- Record extracts -

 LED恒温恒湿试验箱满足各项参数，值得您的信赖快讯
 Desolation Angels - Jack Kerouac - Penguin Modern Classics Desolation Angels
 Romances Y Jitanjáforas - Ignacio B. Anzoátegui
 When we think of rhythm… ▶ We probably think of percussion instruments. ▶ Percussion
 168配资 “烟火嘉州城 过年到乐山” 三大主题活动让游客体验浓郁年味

...

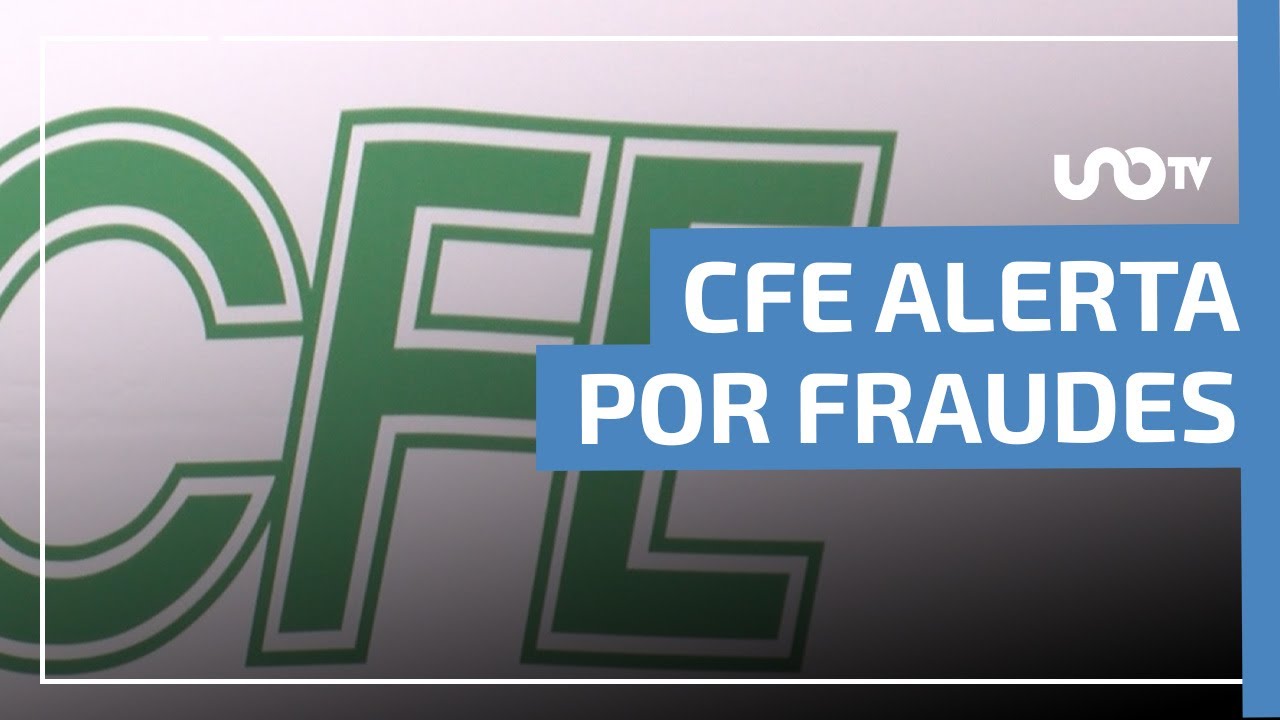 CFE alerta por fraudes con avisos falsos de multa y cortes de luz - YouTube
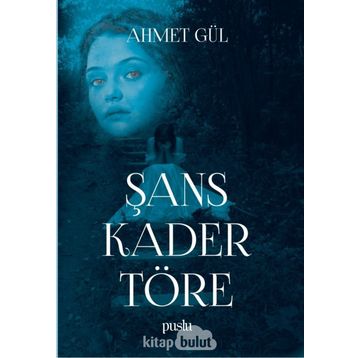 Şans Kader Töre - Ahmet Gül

- Your goal -
Only the lines above from the one containing "CFE alerta por" through the one containing "Şans Kader Töre - Ahmet Gül" should be returned, verbatim and inclusive, with pictures excluded.

- Solution for this task -
 CFE alerta por fraudes con avisos falsos de multa y cortes de luz - YouTube
 Şans Kader Töre - Ahmet Gül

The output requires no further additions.